After running trials, we can sort by validation score:

results = sorted(results, key=lambda r: r["score"], reverse=True)

We can inspect the best configurations:

for r in results[:5]:
    print(r["score"], r["config"])

Patterns are often more valuable than a single best configuration. For example, the top configurations may all use AdamW, learning rates near $3\times10^{-4}$, dropout below 0.2, and moderate weight decay. This suggests a stable region of the search space.

Advantages and Disadvantages

Advantages Disadvantages
Simple to implement No guarantee of finding the optimum
Works well in high-dimensional spaces Results vary across random seeds
Efficient for continuous variables Can waste trials in bad regions
Easy to parallelize Does not learn from previous trials
Better than grid search for many DL tasks Needs careful distribution design

Random search is a strong default when the search space is moderately large and the cost per run is acceptable.

Random search is a good choice when:

Situation Reason
Several hyperparameters matter Better coverage than grid search
Some dimensions are continuous Avoids fixed grid resolution
Search budget is limited Can stop after any number of trials
Parallel workers are available Trials are independent
Baselines are needed quickly Simple and robust

Random search is less suitable when each run is extremely expensive and only a few trials are possible. In that case, expert tuning or Bayesian optimization may use the budget more effectively.

Summary

Random search samples hyperparameter configurations from predefined distributions.

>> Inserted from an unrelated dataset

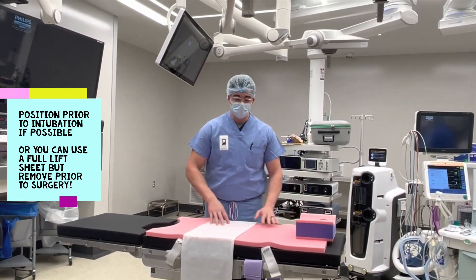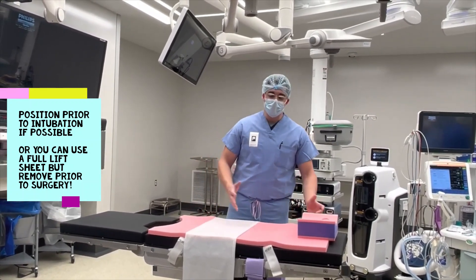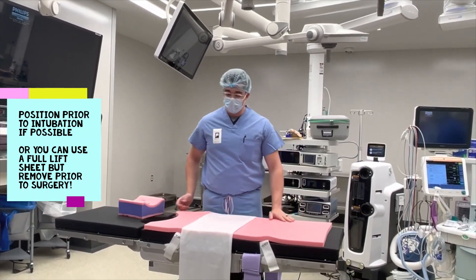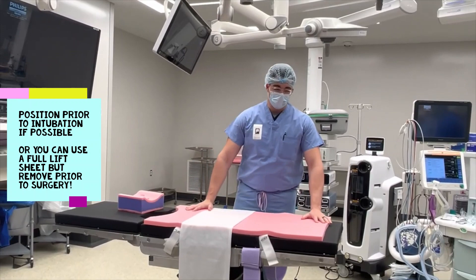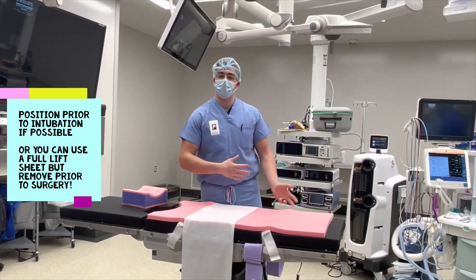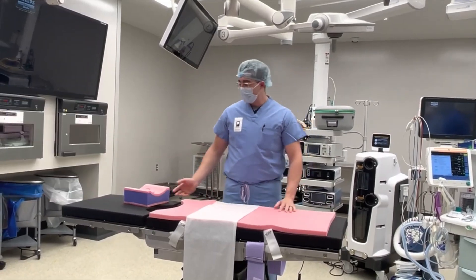If you have to move them up and down and they are a bariatric patient, it is going to be harder to move them on here. What you can always do is just throw a full lift sheet over this, intubate, move them down, then log roll them twice to get the lift sheet out. It's just a little tip or trick.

It replaces exhaustive enumeration with stochastic exploration.

Compared with grid search, random search often covers important dimensions more effectively under the same trial budget. It works especially well when only a few hyperparameters strongly influence performance.

A good random search depends on well-designed sampling distributions, proper logging, valid constraints, reproducible seeds, and fair evaluation. It is simple enough to be a baseline and strong enough to be useful in real deep learning systems.